Scarce 5%-corrections, worldwide

Note: this article has been read over 100,000 times and also liked or shared hundreds of times across social media.

The Wall Street Journal (WSJ) showcased a widely-shared article [link] earlier this month exposing the fact that we have lacked 5% corrections, jointly among three main indices around the globe.  This is a provocative statistical indicator, as many investors consider for their portfolio generally one market index that is heavily weighted towards their home country.  The fact that other indices in foreign regions are mirroring these similar streaks could perhaps be compelling.  Let’s take the U.S. for example, we've gone over a year without a 5% correction.  This exact lengthy time without such a pullback has only occurred a handful of times since the mid-20th century.  And while that would therefore seem extraordinarily rare, given exclusive time stages it works to about an 8% annual probability (so not that rare.)  [link] What we have in Russolillo's WSJ article is a look beyond this one location, but in Europe and in Asia as well.  These investors need be mindful to global economic conditions and financial markets as well.  Yet the statistic in the WSJ article focuses on the 5% correction dearth not being just over a year -as it is in the U.S.- but rather the three indices going dropless for the first half of 2017.  This article resolves how one should think about these two different probabilities.

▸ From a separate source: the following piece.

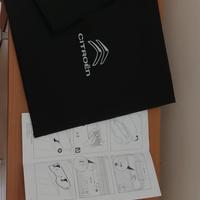 Tendine oscuranti posteriori Citroen C5 Aircross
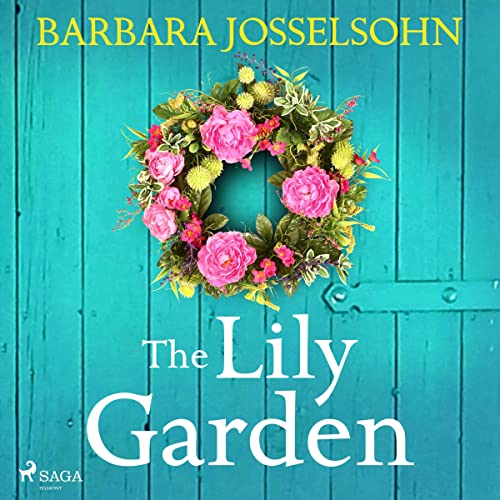 Cover of The Lily Garden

In other words, their article gives birth to various attractive mathematical and finance, contexts and impacts.  For example, here are some questions one might ponder from such a finding:
* What is the mathematical probability of seeing such a result?
* How do we consider seasonality in the markets?
* How correlated are these markets, and what is the import of selecting just this year-to-date as the time horizon?
* What should an investor or risk executive do in consideration of this insight?

And in the examination below, we focus equal time on all four of these questions.  Starting with the first three bullets above taken as one section.
Probability, seasonality, modeling parameters:
There are multiple theoretical ways to determine the rarity of this three indices event.  This is complicated by the length of historical data accompanying with the markets, in addition to the internal composition of the index (e.g., the U.S. markets are currently more weighted to technology, while in the previous crisis it was weighted more towards financials.)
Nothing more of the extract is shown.